EXERCISE INPUTS below:
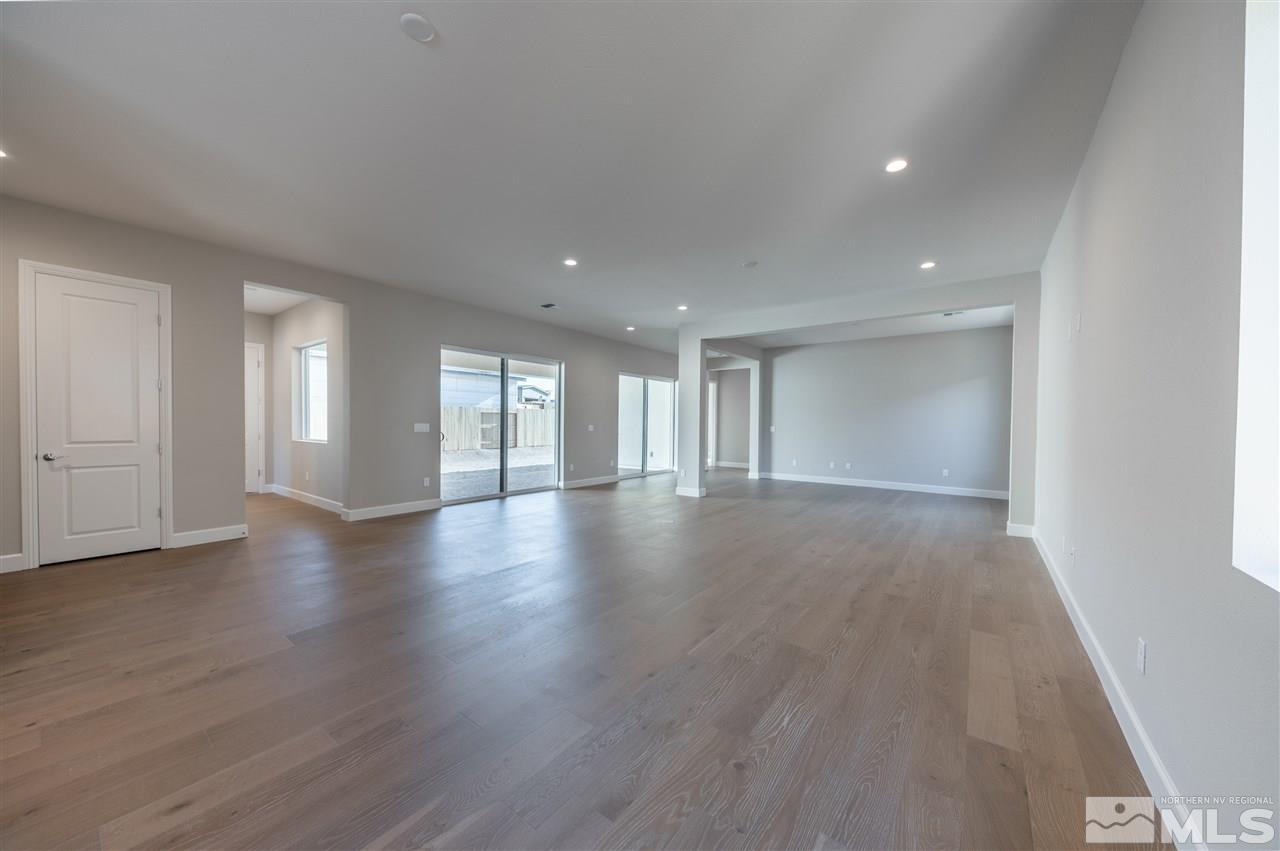 12409 Ruby Valley Street, Unit HOMESITE 104 Reno, NV 89521 - Photo 4 of 27 Photo 4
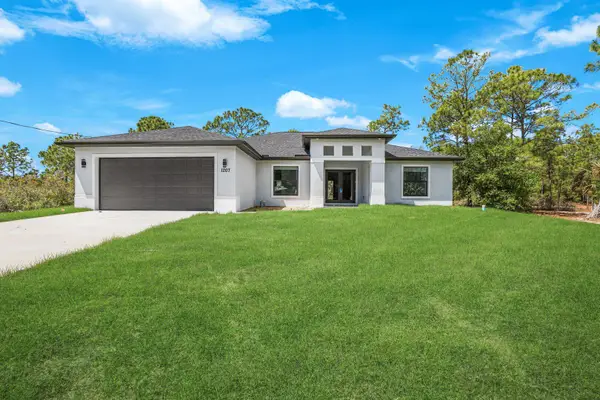 3201 35th Street W, Lehigh Acres, FL 33971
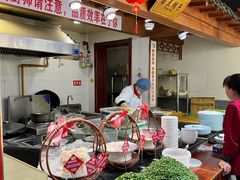 -老德州四合院·德州菜(天衢路店)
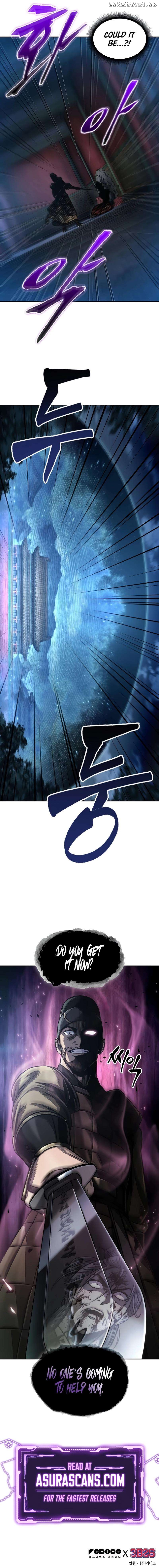 Nano Machine Chapter 196 image 11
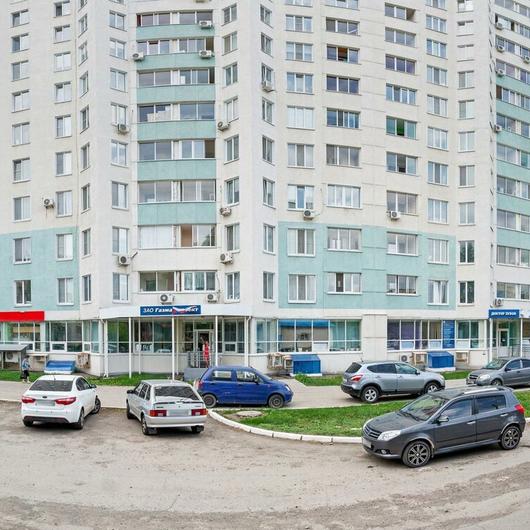 Доктор Зубов на Сергея Лазо, фото №2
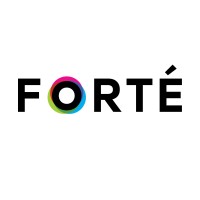 FORTÉ logo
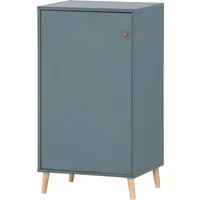 Schildmeyer Aktenschrank Serie 500, Aktenschrank, Made in Germany, B: 51 cm Solide Verarbeitung - Dieses Produkt ist in Deutschland gefertigt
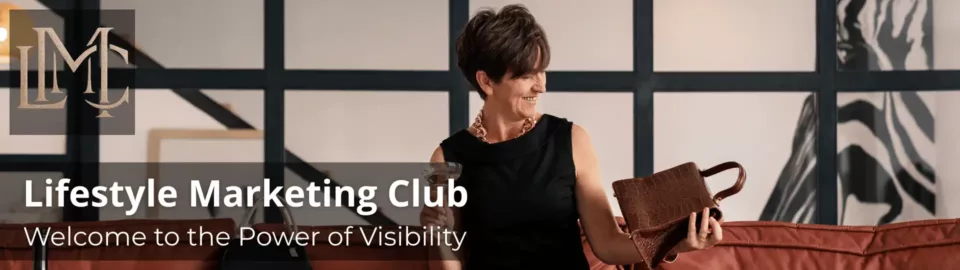 Lifestyle Marketing Club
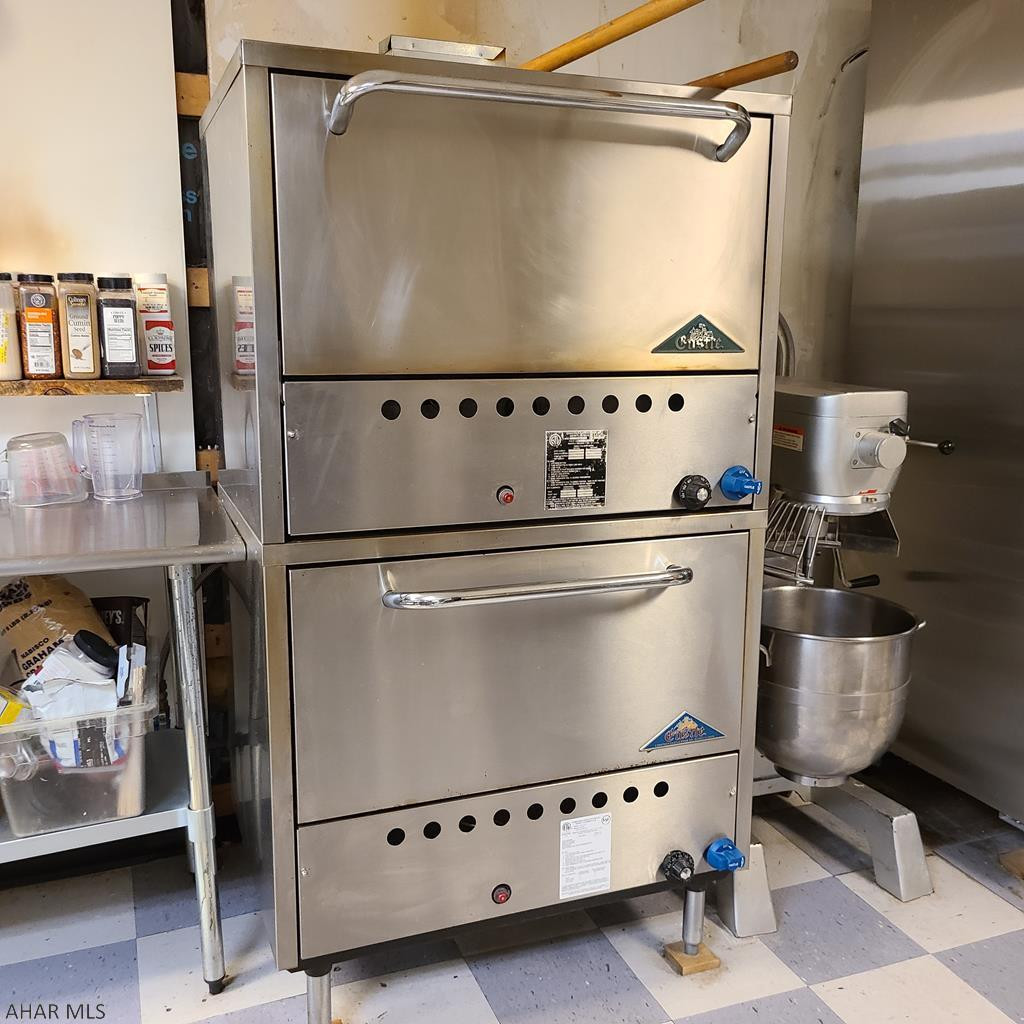 Unknown - Commercial Sale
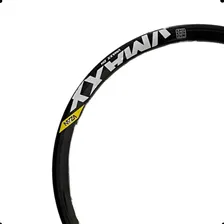 2 Aros Vmaxx Lt Folha 26/36 Furos Preto Para Disco Vzan Foto mini 3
End of EXERCISE INPUTS.
§ EXERCISE DESCRIPTION
Your output should be the lines above from the one that contains "Nano Machine Chapter 196 image 11" through the one that contains "Unknown - Commercial Sale", word for word, with pictures left out.

§ RESULT
 Nano Machine Chapter 196 image 11
 Доктор Зубов на Сергея Лазо, фото №2
 FORTÉ logo
 Schildmeyer Aktenschrank Serie 500, Aktenschrank, Made in Germany, B: 51 cm Solide Verarbeitung - Dieses Produkt ist in Deutschland gefertigt
 Lifestyle Marketing Club
 Unknown - Commercial Sale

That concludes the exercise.